Our first-ever joint project as photographer and writer was in mid-1980s coverage of the leak-plagued Rancho Seco nuclear plant in the Sacramento area. That double-byline piece for Pacific News Service ran as a major photo essay in the Hearst-era San Francisco Chronicle. Morizumi has since covered the gamut of nuke disasters, including Chernobyl, the Soviet Semi-Palatinsk testing ground in Kazakhstan, Castle Bravo H-bomb residue in the Marshall Islands (birthplace of Godzilla), the Nevada Test Site near Las Vegas, the Four Corners uranium mine and, repeatedly, Hiroshima and Nagasaki. In April 2011, a month into the meltdowns, I teamed up with him again to cover the evacuation of Iitate-mura dairy ranchers from inside the Fukushima nuclear evacuation zone, before proceeding on my own to Soma.
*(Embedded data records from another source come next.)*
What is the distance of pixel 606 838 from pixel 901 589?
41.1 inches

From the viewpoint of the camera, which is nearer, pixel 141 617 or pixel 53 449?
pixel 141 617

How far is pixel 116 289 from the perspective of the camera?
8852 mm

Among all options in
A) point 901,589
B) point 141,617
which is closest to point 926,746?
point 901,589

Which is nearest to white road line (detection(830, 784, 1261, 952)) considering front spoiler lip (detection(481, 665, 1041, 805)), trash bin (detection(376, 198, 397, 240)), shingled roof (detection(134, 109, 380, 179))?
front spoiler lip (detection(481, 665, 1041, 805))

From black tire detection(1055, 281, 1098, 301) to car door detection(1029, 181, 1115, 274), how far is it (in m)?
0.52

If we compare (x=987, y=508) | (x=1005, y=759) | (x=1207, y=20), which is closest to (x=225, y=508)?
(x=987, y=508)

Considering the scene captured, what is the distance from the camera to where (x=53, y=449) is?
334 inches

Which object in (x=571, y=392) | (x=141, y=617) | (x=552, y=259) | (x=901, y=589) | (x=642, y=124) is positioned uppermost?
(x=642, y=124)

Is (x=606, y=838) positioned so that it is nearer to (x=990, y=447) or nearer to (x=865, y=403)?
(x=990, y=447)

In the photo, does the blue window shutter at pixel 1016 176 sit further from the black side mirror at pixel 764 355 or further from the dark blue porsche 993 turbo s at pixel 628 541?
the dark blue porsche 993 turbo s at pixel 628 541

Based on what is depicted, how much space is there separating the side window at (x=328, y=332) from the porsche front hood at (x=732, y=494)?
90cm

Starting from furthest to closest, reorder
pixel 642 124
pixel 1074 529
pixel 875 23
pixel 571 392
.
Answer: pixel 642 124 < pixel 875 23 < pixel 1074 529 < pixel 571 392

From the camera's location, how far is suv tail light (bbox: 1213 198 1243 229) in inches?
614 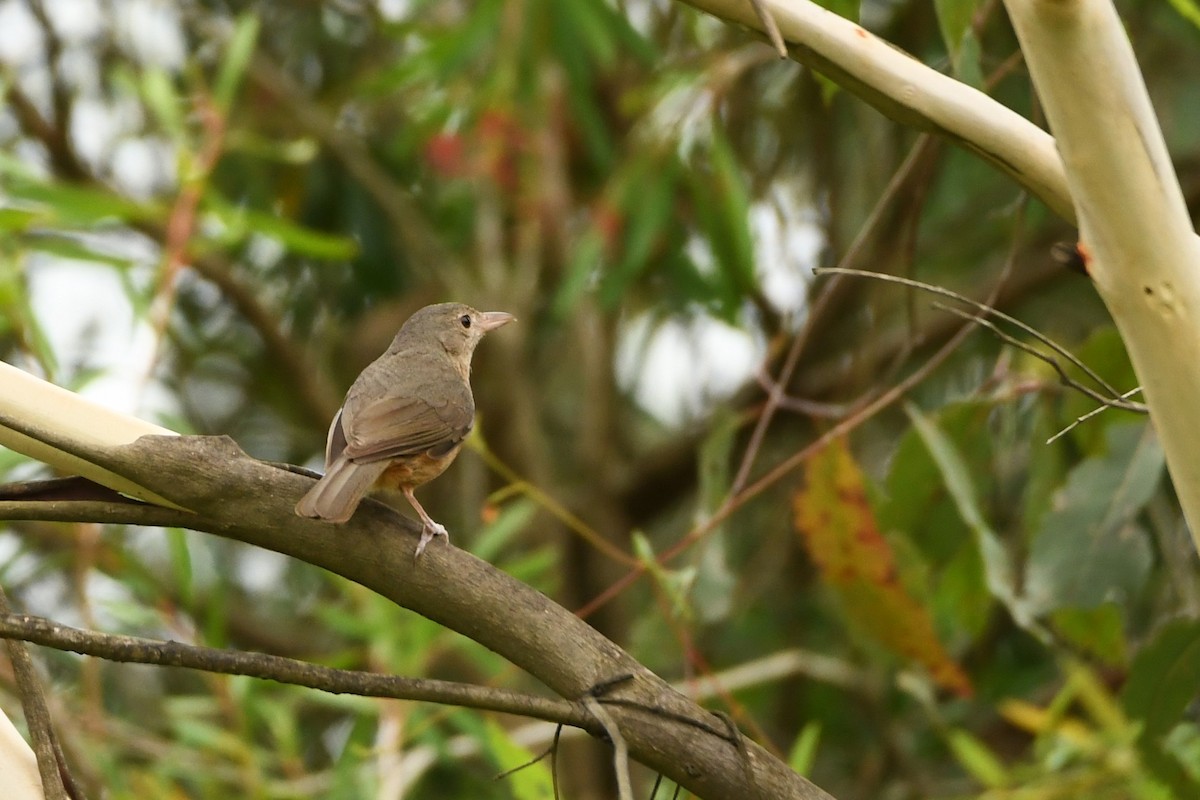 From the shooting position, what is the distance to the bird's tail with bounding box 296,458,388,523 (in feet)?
6.95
It was from him that I learned about the early days of the crisis when he was in Minami-Soma, where local policemen in the emergency response were suddenly ordered to evacuate the area due to a massive spike in radioactivity, leaving more than 2,500 residents to die in freezing temperatures and from radiation exposure, giving lie to the government claim of only one mortality due to Fukushima fallout.

Soon thereafter I produced a video of his anti-nuke efforts, but met with some quiet sinister sabotage courtesy of France's intelligence agency on behalf of AREVA, a tech provider to Fukushima. These acts of harassment from pro-nuclear authorities intensified my pursuit of the high-ranking culprits, if only in retribution for a lifelong feverish malady that began before my birth, related to Hiroshima, a personal motive for field research admittedly not strictly based on compassion.

The fact that courageous volunteers including Mayor Ishikawa, cameraman Morizumi, seafarer Dana Dunford and filmmaker Phillippe Carillo rose to the challenge of facing the radioactivity threat proves that heroic altruism is not a myth but still thrives today.